Alcaraz, whose 2023 campaign got off to a late start in February because of injuries, has made up ground quickly, claiming a title in Buenos Aires and reaching the final in Rio.
He said he was up for the challenge he expects from Sinner, who is seeking his first Masters 1000 title. It would be his second title of the season after a triumph in Montpellier last month.
"Great battles," Alcaraz said of their matches to date. "I'm going to enjoy that match."
- Mighty Medvedev -
The winner of the match will face either red-hot Russian Daniil Medvedev or Frances Tiafoe, who is aiming to follow the footsteps of compatriot Fritz to the title in the California desert.
Medvedev, who has never found the slow hard courts of Indian Wells congenial, has nevertheless managed to reach the final four for the first time as he goes for a fourth straight ATP title after victories at Rotterdam, Doha and Dubai.
It has been a bruising week for the world number six, who rolled his right ankle in a three-set victory over Germany's Alexander Zverev and needed attention for a cut thumb after another tumble in his quarter-final win over Alejandro Davidovich Fokina.
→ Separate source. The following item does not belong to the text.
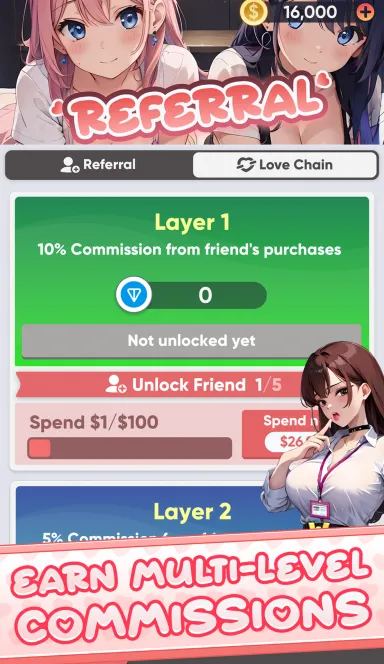 Picture Pocket Waifu – Tap Waifus, Earn $WIFE – Each Tap Unfolds … 6 | TON app
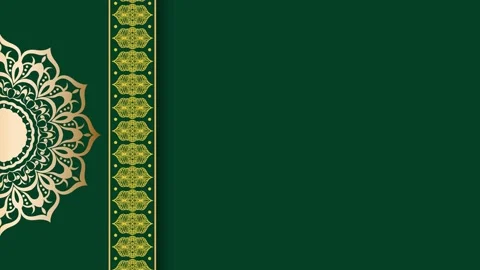 Elegant Islamic Geometric Pattern Background with Mandala Design. Stock Footage 325362823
Medvedev, his win streak at 18 matches, doesn't mind that the longer the streak goes, the more the pressure ratchets up.
"I like pressure, because pressure comes, the better result you do, the more pressure," said Medvedev, a former world number one who had dropped out of the top 10 after a disappointing start to the season.
Tiafoe, meanwhile, has roared into the semi-finals without dropping a set as he chases his first Masters 1000 title, one that would launch him into the top 10 for the first time.
The American, who has lost all four prior matches against Medvedev, believes his big serve and forehand can break through Medvedev's defenses.
"I'm able to take the racquet out of players' hands," Tiafoe said after he beat former champion Cameron Norrie in the quarter-finals. "I have grown as a player tremendously and it's showing. I'm really happy with my progress."